Fachtna, el brehon de los Uí Fidgente, no tardó en tomar asiento en el lado izquierdo. Era algo mayor que Dathal. También era alto y de aspecto escuálido. Mostraba unas facciones huesudas, donde la carne se pegaba firmemente, por lo que parecía más una calavera que una cara. Tenía la piel apergaminada y una línea rosada y oblicua sobre cada pómulo. Los ojos eran grises e inquietos, y los labios una fina abertura roja. Era canoso y llevaba el pelo con raya en medio peinado hacia atrás y atado con una cinta. Ofrecía el aspecto de una persona a la que le habría ido bien un buen ágape.

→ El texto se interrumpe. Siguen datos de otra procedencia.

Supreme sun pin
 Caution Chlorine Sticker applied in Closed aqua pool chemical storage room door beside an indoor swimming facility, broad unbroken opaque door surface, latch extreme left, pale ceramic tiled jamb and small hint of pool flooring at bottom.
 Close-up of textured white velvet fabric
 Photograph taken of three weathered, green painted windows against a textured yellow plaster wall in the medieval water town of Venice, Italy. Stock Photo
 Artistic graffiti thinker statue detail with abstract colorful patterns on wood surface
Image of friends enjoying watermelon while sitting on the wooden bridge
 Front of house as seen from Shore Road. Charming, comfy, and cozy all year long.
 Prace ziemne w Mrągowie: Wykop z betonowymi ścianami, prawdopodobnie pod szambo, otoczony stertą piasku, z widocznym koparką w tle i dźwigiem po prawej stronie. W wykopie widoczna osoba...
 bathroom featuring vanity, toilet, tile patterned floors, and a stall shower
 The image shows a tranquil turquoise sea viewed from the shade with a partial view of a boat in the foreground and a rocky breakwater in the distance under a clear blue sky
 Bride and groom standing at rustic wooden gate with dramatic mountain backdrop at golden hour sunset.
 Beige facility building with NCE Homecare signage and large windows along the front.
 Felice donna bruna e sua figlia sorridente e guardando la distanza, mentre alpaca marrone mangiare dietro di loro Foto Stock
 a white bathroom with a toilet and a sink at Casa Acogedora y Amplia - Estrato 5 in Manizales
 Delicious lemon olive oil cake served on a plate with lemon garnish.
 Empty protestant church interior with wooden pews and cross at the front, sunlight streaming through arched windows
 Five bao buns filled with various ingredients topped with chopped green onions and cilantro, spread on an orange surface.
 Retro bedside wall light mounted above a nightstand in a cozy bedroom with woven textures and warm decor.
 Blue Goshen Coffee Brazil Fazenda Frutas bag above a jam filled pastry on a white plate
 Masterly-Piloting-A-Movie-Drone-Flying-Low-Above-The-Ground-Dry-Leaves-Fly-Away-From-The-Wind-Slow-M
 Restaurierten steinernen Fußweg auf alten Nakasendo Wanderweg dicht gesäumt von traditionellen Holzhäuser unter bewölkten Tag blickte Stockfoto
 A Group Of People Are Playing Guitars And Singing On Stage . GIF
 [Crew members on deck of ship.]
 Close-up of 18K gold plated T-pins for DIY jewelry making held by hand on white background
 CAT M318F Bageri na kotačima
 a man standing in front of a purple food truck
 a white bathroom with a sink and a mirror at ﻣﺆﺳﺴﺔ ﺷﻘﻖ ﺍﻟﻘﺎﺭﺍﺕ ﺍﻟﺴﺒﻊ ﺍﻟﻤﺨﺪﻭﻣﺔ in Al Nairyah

Por último, entró el brehon Rumann de Fearna, que ocupaba el asiento central. De hecho, no sólo iba a presidir el tribunal de jueces, sino que se encargaría de tomar las decisiones, pues todos los reunidos en la Gran Sala consideraban que, seguramente, el juicio de los brehons de Cashel y el juicio de los Uí Fidgente serían tendenciosos por querer reflejar el deseo de sus respectivos príncipes.
El brehon Rumann se dirigió hacia su lugar, si bien no parecía un juez en absoluto. Era bajo, y de figura y rostro rollizos. Sobre la nuca le caía una melena rizada y plateada. La carne de sus rasgos benignos era como la piel fresca y rosada de un niño recién lavado. Sus labios eran rojos y carnosos como si los hubiera realzado con zumo de moras. Tenía los ojos castaños, mas poseían tal brillo, que a primera vista parecían de un color pálido. Le rodeaba un aura de genialidad. Pese a la presencia de sus compañeros, él era quien dominaba la escena. Proyectaba un aire de tranquila autoridad que imponía silencio.